Auteur : Romain Rambaud, professeur de droit, Université de Grenoble

Source : Proposition de loi, 8 novembre 2019

Bruno Retailleau veut interdire les listes “communautaristes” aux élections par sa proposition de loi. Sauf que sa proposition de loi ne résout pas ce qu’il considère – à tort ou à raison – un problème. Elle crée une interdiction à la fois trop vague, trop large et disproportionnée, qui serait assurément censurée par le Conseil constitutionnel.

Depuis des semaines, des voix s’élèvent pour demander l’interdiction des listes « communautaristes » pour les élections municipales. Cette polémique fait suite aux résultats de la liste Une Europe au service des peuples de l’Union des démocrates musulmans français (UDMF) aux élections européennes. Si celle-ci ne fit au niveau national qu’un résultat très faible (0,13 % des suffrages), elle obtint des scores autour de 5% dans certaines communes. Or, l’UDMF présentera des listes dans une cinquantaine de communes en mars 2020.
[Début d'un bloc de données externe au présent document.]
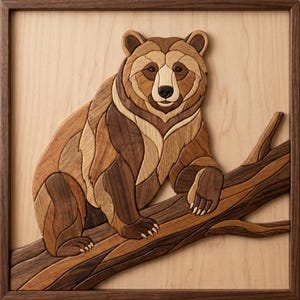 May include: A wooden bear sculpture, crafted from various shades of brown wood, sits on a branch. The bear's fur is detailed with different wood grains, and the piece is framed in a dark brown border. The artwork is mounted on a light-colored wooden background.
Après que Xavier Bertrand a demandé une modification de la Constitution, le sénateur Bruno Retailleau a déposé une proposition de loi tendant à assurer le respect des valeurs de la République face aux menaces communautaristes le 8 novembre 2019. Celle-ci vise à lutter contre les listes électorales qui contreviendraient « aux principes de la souveraineté nationale, de la démocratie ou de la laïcité en soutenant les revendications d’une section du peuple fondées sur l’origine ethnique ou l’appartenance religieuse ». Il s’agit pour Bruno Retailleau:

  • d’encadrer les titres (intitulés) que peuvent se donner les listes
  • d’interdire de tenir des propos ou de distribuer des écrits répondant à la définition précitée dans des lieux publics
  • de donner au préfet le pouvoir de faire retirer les affiches et autres documents
  • de donner au préfet la faculté de demander au juge d’exclure des candidats et des listes
  • d’empêcher que l’aide publique puisse être versée à ces partis
  • d’imposer aux élus locaux le respect de l’obligation de neutralité religieuse, ce qui n’est pas le cas aujourd’hui : un élu peut parfaitement se présenter en tenue religieuse au Parlement ou dans une assemblée locale telle qu’un conseil régional.

Si la question de la lutte contre le communautarisme est bien réelle, ce texte soulève des difficultés juridiques non négligeables. Il serait même sans précédent, dans la mesure où il n’existe en droit électoral aucune restriction à la liberté de candidature fondée sur des critères d’opinion. Dans ce cas-ci, il y a toutes les raisons de croire que cette proposition de loi est inconstitutionnelle car elle limite trop fortement la liberté d’expression. Or la liberté d’expression fait l’objet d’une protection renforcée par le juge constitutionnel en matière électorale : toute restriction doit être particulièrement justifiée et proportionnée à l’objectif qui est poursuivi.

De ce point de vue, le texte proposé par Bruno Retailleau ne répond pas aux exigences du Conseil constitutionnel : les motifs justifiant l’interdiction sont soit inefficaces (aucune liste ne soutiendrait officiellement la remise en cause de la souveraineté nationale), soit trop larges (la référence à la démocratie vise en réalité, d’après l’exposé des motifs, le principe d’égalité entre hommes et femmes), soit peu pertinents (si la laïcité impose la neutralité de l’État, elle n’empêche pas l’expression religieuse de candidats à des élections). Il en résulte que cette loi serait considérée comme entravant trop la liberté d’expression, faute de définir de façon suffisamment précise les hypothèses visées par l’interdiction. Pour le dire autrement, l’interdiction est trop vague, ce qui crée une insécurité juridique pour le citoyen. Ce texte pose aussi un problème de proportionnalité, dans la mesure où les interdictions sont absolues et que les pouvoirs donnés à l’administration semblent très excessifs. En somme, le Conseil constitutionnel censurerait une telle loi.

Reste un vrai problème : il n’existe pas dans notre Constitution de fondement permettant de lutter contre le communautarisme. Le Président de la République a affirmé lors du Congrès de l’Association des maires de France qu’il ne serait pas légiféré sur ce point. Il est en effet préférable de mieux appréhender la question sur le plan politique, avant de se lancer dans des aventures hasardeuses sur le plan du droit.